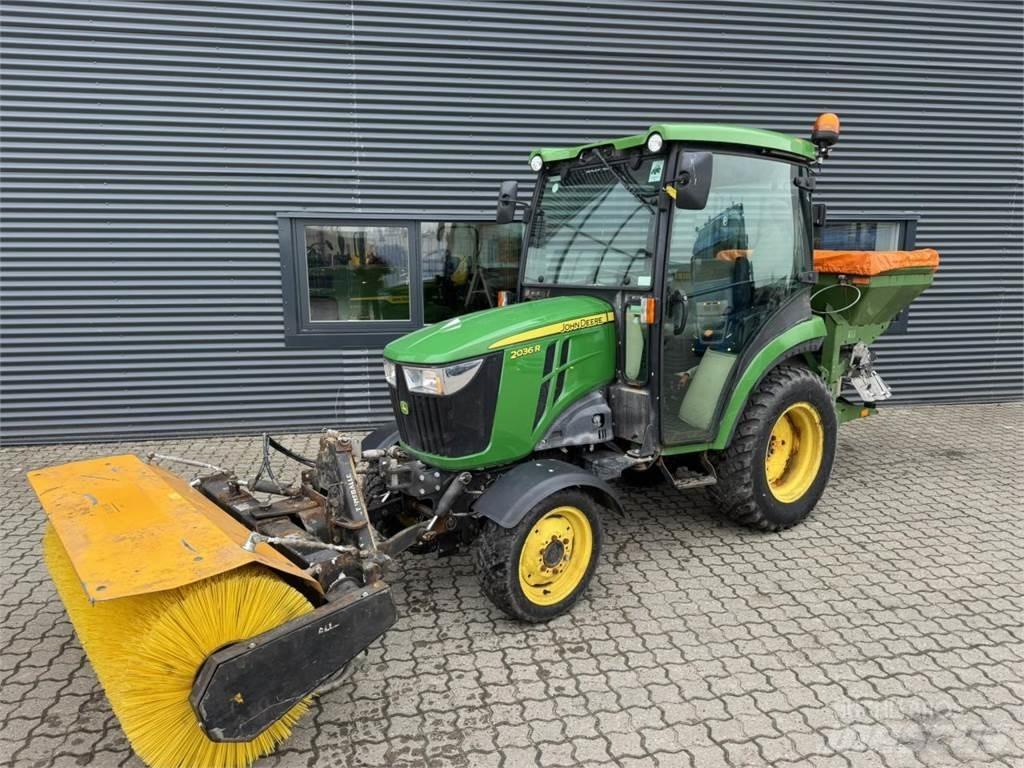 John Deere 2036R Manjši traktorji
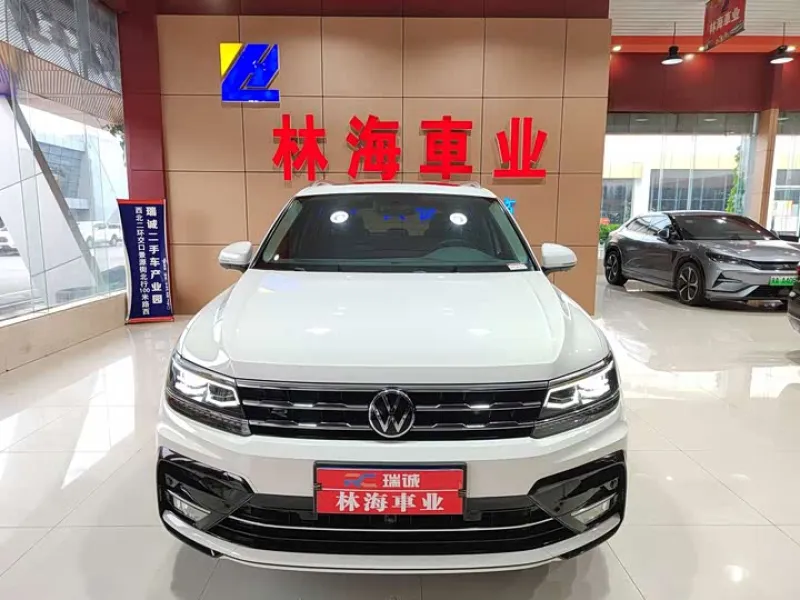<h1>Volkswagen Tiguan</h1> в аренду фото № 1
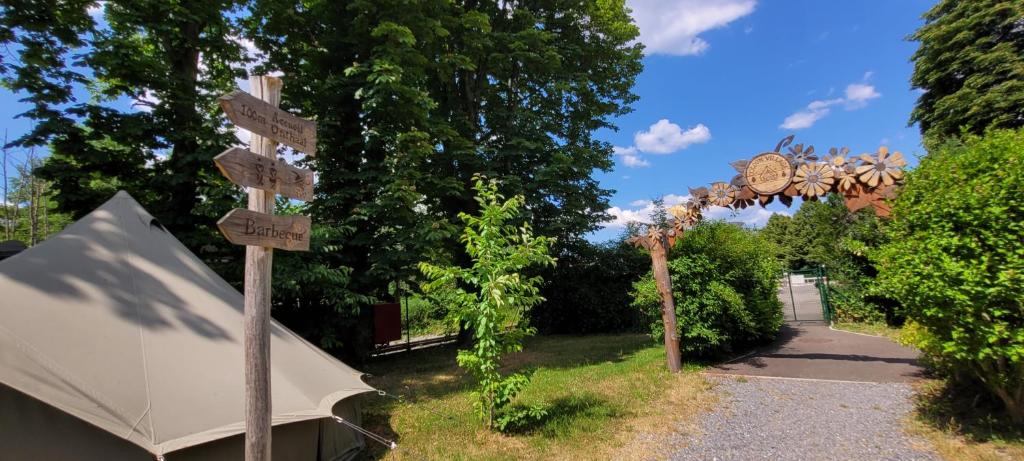 Zahrada ubytování Cocoon Village - Glamping - Domaine des Grottes de Han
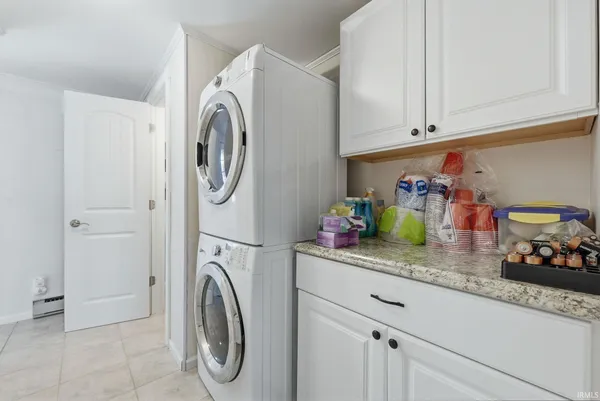 11708 North Ogden Road, North Manchester, IN 46962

· · ·

> [EXERCISE DIRECTIONS] For this exercise, retype the data above exactly and skip every image.

> [COMPLETED TASK]
 John Deere 2036R Manjši traktorji
<h1>Volkswagen Tiguan</h1> в аренду фото № 1
 Zahrada ubytování Cocoon Village - Glamping - Domaine des Grottes de Han
 11708 North Ogden Road, North Manchester, IN 46962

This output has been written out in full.